Dia 33 Sofia - Plovdiv

Fiquei acordado até a 1:30 da manha. O sono não vinha e acabei ficando atualizando o blog. Coloquei um vídeo no blog do dia 28 Nis – Pirot que mostra a passagem por alguns túneis curtos.


Hoje foi um dia de despedida. Renato e Ferreira começam sua volta para o Brasil. Ao meio dia pegam um vôo para Frankfurt e amanhã um vôo para o Brasil. Optaram por um vôo para Salvador com a companhia aérea Condor. De lá pegam um vôo para São Paulo.


As nove da manhã nos despedimos, Eles foram para o escritório da empresa onde as bikes estavam e de lá seriam levados ao aeroporto. As 9:30 o Stefan me apanhou e me levou com a bike para a estação ferroviária. Fui até a cidade de Kostenec e de lá pedalei até Plovdiv. Os dez primeiros quilometros foram feitos ao lado da ferrovia, num vale estreito. Passando por Belovo uma planice se abril afastando as montanhas e deixando apenas a vista delas á minha direita..


O dia estava quente e com pouco vento. A vegentação por aqui começa a mudar. Me parece um pouco mais árido e o verde já não tem tanta força. Pazardzik foi a próxima cidade que cruzei, com várias industrias. De lá para Plovdiv uns 30 Km de uma monótona reta foram palcos para muitas reflexões, viagens dentro da viagem.


A chegada em Plovdiv foi por volta das 5 da tarde. Eu nada saia sobre a cidade, mas confesso que fiquei encantado com ela. Quanta história ela já viveu.


É uma das cidades mais antigas do mundo. Seu nome mudou várias vezes. Foi Evmolpia na época dos Trácios (480 A.C), Já foi Philipopólis (342 A.C.), Trimontium para os Romanos por volta do ano 72 e Filibe para os Turcos entre 1364 e 1878.


A cidade antiga guarda as maiores atrações de Plovdiv. Mesquitas do período Otomano, um Estádio Romano debaixo do centro da cidade, que tinha dimensões para receber 30 mil pessoas pode ser visto parcialmente na principal rua de pedestres da cidade.


Talvez o maior tesouro seja o anfiteatro romano descoberto nos anos 80. Esse teatro tem espaço para 7 mil pessoas. Eu ficaria por aqui mais algum tempo para explorar toda a cidade. Essa parte antiga da cidade me lembrou muito uma área de Atenas chamada Plaka. Ruas de pedra e uma arquitetura comum à ateniense eu encontrei em vários lugares.
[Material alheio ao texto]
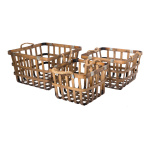 Bamboo basket set of 3, nested     Size: 41x39x26cm,...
Essas imagens me levaram de volta à Atenas, cidade que foi um marco na minha vida. Foi na minha primeira viagem à Atenas em 1996 que comecei uma grande mudança pessoal. Dexei de ser um homem da área de Exatas e comecei uma migração para a área de Humanas.


História e geografia eu sempre gostei. Mas aquela visita foi muito mais do que um passeio. Pisar na mesma pedra que Platão discursava na Ágora ateniense, tocar no mármore do Partenon, Olhar para o estreito de Salamina e relembrar da batalha naval que mudou a guerra contra os Persas e tantas outras experiências que me tranportaram por milhares anos de história mexeram comigo.


Comprei um livro de mitologia grega que devorei no vôo de volta ao Brasil.A partir dali comecei a devorar livros de mitologia e a partir dela me aproximar da área de humanas através das artes e da influência da mitologia no mundo e nas diversas áreas do conhecimento humano. O resultado disso foram os cinco livros de mitologia para crianças que escrevi entre 1999 e 2000, além de um outro livro, para adultos, que ainda não publiquei. Acho que me empolguei com as memórias de Atenas.


Mas na verdade, elas são importantes, pois hoje eu estou pedalando nessa viagem como uma consequência da minha decisão de mudar a vida que tinha. E tudo começou em Atenas.